It was movie magic! Like a scene out of “The Wizard of Oz” when Dorothy and her friends come face to face with the great and powerful Oz, Reed Hastings and Marc Randolph met with the most dominant business leaders in their industry.
Twenty-three years ago, Hastings and Randolph ran a fledging mail-order company that offered a subscription service for movie rentals. Their meeting was with the world’s largest video rental company. Hastings and Randolph approached mighty Blockbuster Video with an offer to sell tiny Netflix for $50 million.
At the time, Blockbuster was on its way to opening 9,000+ stores with revenue of over $6 billion. The Blockbuster board metaphorically laughed the Netflix boys out of the room. You see, that millennium year they had collected almost $800 million in late fees and sold a ton of popcorn and candy in their retail locations. They saw no value in a subscription service that kept customers at home and didn’t care how long someone kept a DVD.
Within six years, Blockbuster was bankrupt. Netflix’s revenue hit $1 billion the same year. Last year, Netflix’s revenue was $24 billion.
The quality of the DVD movies was the same.
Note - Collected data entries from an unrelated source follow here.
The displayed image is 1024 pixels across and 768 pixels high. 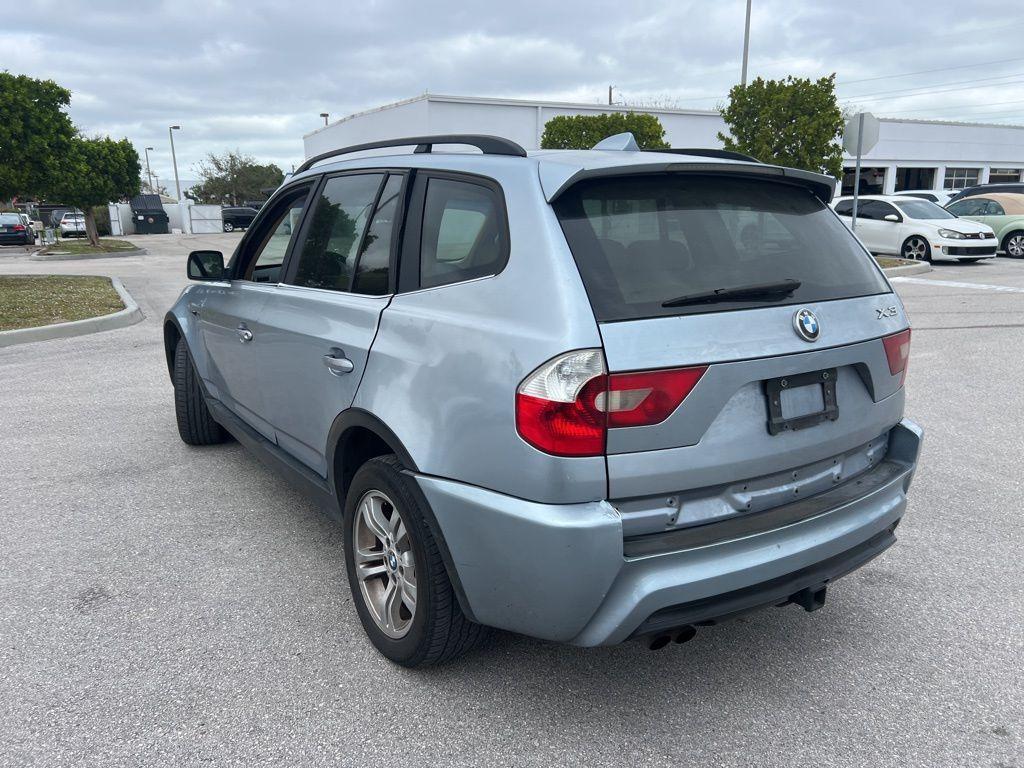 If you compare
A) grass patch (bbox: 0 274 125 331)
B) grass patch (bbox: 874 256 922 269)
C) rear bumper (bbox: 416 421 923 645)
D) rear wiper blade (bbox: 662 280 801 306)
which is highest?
rear wiper blade (bbox: 662 280 801 306)

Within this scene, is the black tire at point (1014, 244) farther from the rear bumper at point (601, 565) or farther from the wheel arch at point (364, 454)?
the wheel arch at point (364, 454)

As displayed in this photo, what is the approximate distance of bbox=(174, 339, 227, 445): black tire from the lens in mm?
5078

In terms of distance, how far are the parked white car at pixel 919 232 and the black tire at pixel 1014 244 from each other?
6.10 feet

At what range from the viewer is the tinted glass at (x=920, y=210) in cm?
1830

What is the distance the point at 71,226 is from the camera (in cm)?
3966

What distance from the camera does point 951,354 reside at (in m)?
8.08

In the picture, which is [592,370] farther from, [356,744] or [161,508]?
[161,508]

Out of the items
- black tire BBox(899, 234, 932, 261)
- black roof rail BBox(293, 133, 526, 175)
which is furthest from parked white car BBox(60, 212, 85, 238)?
black roof rail BBox(293, 133, 526, 175)

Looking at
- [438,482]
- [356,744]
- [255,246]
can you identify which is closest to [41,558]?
[255,246]

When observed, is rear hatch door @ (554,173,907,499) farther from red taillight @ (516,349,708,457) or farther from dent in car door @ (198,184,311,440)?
dent in car door @ (198,184,311,440)

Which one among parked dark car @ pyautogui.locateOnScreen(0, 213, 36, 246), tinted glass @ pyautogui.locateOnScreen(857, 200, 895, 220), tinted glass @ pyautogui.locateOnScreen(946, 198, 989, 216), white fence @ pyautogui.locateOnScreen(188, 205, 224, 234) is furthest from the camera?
white fence @ pyautogui.locateOnScreen(188, 205, 224, 234)

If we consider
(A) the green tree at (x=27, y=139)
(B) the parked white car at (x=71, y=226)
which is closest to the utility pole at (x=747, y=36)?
(A) the green tree at (x=27, y=139)

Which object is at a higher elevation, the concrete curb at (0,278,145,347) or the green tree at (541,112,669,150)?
the green tree at (541,112,669,150)

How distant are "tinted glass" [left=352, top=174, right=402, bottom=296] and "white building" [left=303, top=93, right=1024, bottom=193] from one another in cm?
2918
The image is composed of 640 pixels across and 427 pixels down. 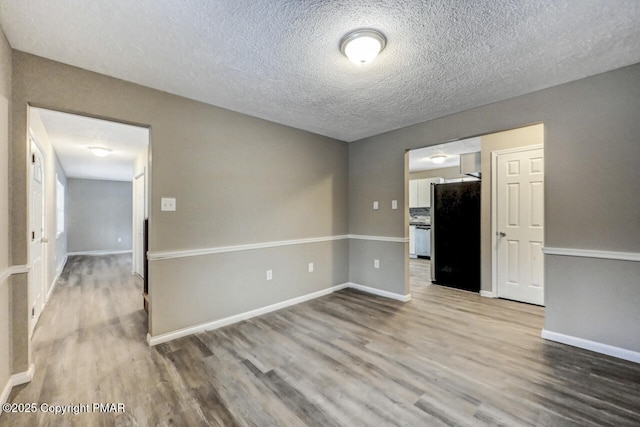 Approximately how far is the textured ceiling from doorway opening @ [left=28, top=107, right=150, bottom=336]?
0.71m

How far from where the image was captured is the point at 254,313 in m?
3.16

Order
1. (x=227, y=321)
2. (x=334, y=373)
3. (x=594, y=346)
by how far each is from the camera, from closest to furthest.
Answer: (x=334, y=373) < (x=594, y=346) < (x=227, y=321)

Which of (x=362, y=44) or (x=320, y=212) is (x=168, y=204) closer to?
(x=320, y=212)

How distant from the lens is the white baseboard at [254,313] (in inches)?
99.8

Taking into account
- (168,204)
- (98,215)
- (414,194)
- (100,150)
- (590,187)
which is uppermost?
(100,150)

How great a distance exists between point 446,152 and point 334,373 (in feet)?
15.9

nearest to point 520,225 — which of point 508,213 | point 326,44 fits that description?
point 508,213

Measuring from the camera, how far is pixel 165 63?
2049 millimetres

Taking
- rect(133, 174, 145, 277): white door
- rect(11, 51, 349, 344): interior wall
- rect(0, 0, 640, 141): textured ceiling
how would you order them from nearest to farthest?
rect(0, 0, 640, 141): textured ceiling, rect(11, 51, 349, 344): interior wall, rect(133, 174, 145, 277): white door

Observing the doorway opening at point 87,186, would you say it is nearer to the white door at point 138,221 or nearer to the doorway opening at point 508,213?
the white door at point 138,221

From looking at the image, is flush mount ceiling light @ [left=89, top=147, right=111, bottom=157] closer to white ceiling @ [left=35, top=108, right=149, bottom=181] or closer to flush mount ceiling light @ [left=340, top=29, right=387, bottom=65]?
white ceiling @ [left=35, top=108, right=149, bottom=181]

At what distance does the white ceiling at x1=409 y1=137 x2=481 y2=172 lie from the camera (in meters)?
4.76

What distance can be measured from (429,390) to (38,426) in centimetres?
233

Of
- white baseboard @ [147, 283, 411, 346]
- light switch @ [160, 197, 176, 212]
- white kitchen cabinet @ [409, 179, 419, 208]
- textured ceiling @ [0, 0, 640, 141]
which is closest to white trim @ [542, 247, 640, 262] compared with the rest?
textured ceiling @ [0, 0, 640, 141] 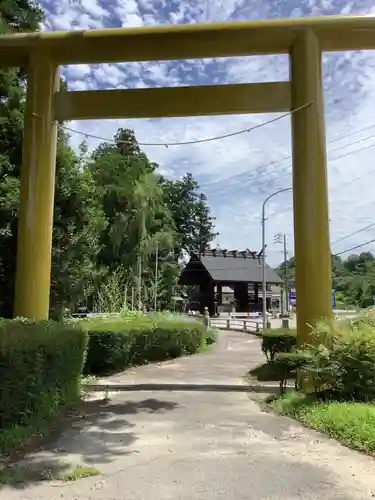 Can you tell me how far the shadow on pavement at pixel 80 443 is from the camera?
4.36 meters

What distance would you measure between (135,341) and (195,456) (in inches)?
328

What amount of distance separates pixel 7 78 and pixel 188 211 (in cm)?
5479

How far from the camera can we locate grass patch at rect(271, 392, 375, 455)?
17.2 ft

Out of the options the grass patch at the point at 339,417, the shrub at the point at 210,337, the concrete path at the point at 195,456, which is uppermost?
the shrub at the point at 210,337

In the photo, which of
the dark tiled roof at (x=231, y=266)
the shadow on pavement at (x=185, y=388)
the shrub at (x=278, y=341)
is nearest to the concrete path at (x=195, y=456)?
the shadow on pavement at (x=185, y=388)

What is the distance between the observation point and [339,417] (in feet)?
19.4

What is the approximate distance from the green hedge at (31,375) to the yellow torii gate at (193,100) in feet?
7.09

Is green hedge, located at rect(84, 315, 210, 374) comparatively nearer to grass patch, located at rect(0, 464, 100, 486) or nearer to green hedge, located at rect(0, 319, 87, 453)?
green hedge, located at rect(0, 319, 87, 453)

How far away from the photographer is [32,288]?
880cm

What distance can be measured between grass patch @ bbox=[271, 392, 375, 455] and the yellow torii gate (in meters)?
1.58

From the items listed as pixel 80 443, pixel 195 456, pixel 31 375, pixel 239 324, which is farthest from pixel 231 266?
pixel 195 456

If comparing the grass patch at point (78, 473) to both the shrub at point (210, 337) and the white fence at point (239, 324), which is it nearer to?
the shrub at point (210, 337)

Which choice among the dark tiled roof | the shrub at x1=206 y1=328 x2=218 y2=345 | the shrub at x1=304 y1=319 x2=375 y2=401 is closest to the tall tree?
the dark tiled roof

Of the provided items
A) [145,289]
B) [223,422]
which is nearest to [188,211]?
[145,289] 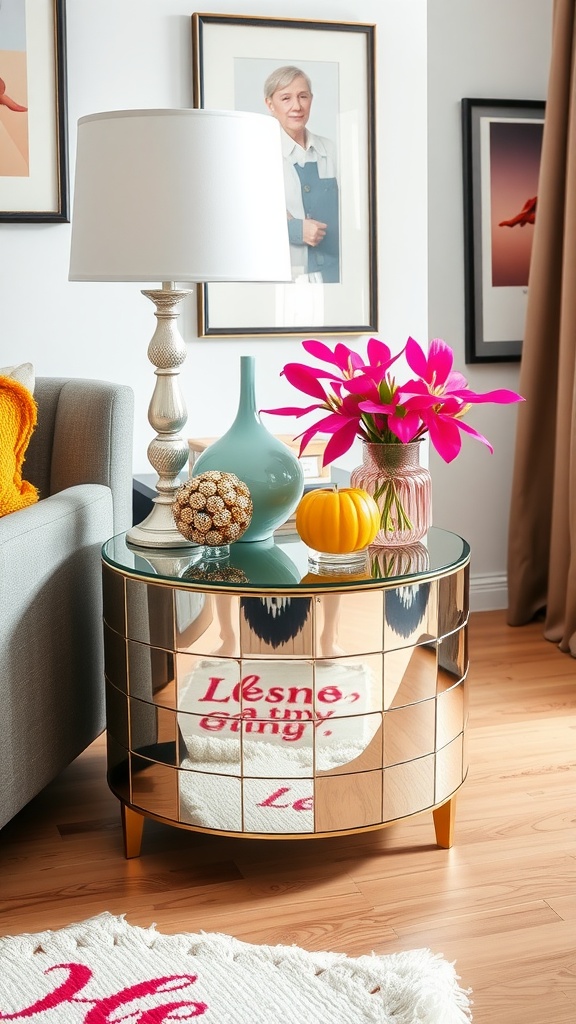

The difference is that Netflix capitalized on Blockbuster’s customer pain points.
At the top of the pain list was late fees. A $3 rental could cost you $10 if you returned it a week late. Coming in second was the availability of popular movies. Customers never knew what was in stock until they drove to a store. Next, stores weren’t open 24 hours a day. Customers could only select a new DVD during store hours. And they didn’t have to travel farther than the mailbox to get or return movies.
Uber and Lyft became successful because of the pain points they eliminated. Before then, passengers had to hope to find a taxi cab. They didn’t know how much a ride would cost. They couldn’t select the type or size of car they wanted. And they had to pay cash.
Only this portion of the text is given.